### [WHAT YOU WILL DO]
A faithful copy is needed of the lines below from the one with "Bota creme tamanho" up to and including the one with "Leather table / notebook case"; set it down with no pictures and no other lines.

### [RECORDS FOR PROCESSING]

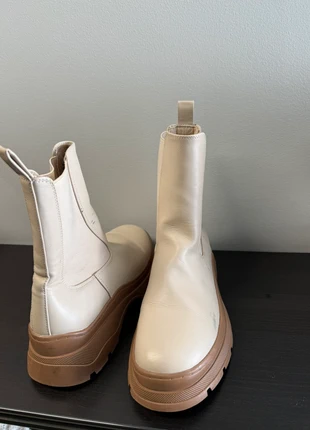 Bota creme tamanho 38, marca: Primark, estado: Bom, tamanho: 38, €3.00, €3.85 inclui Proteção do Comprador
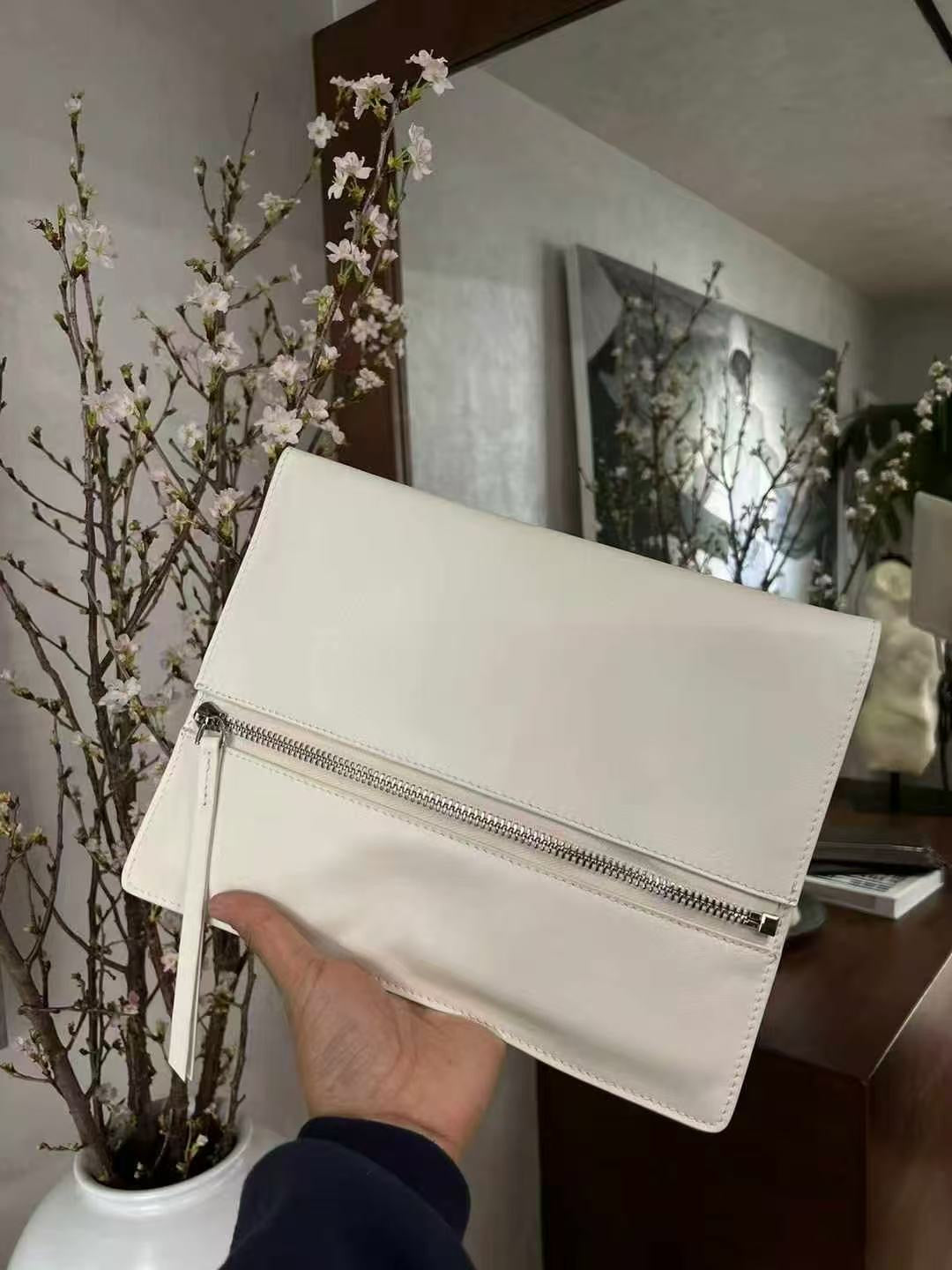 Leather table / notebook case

...

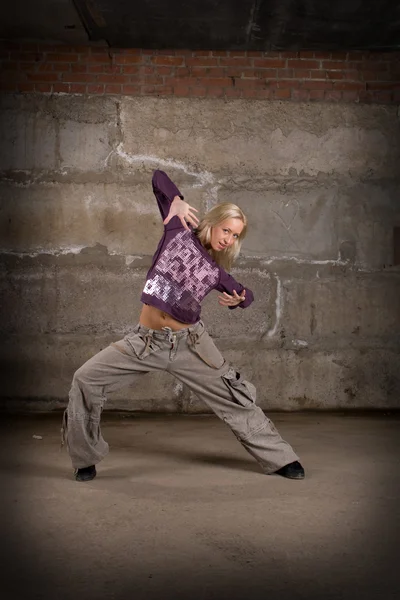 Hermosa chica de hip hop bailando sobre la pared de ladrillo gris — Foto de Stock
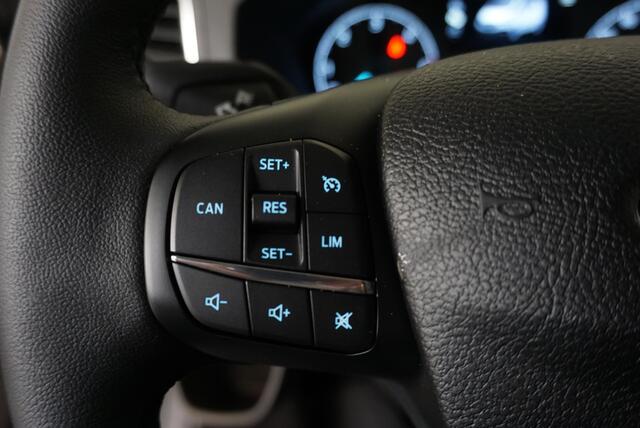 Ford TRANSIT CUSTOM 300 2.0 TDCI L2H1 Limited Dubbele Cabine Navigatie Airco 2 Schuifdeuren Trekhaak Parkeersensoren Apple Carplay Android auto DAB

### [ANSWER SECTION]
 Bota creme tamanho 38, marca: Primark, estado: Bom, tamanho: 38, €3.00, €3.85 inclui Proteção do Comprador
 Leather table / notebook case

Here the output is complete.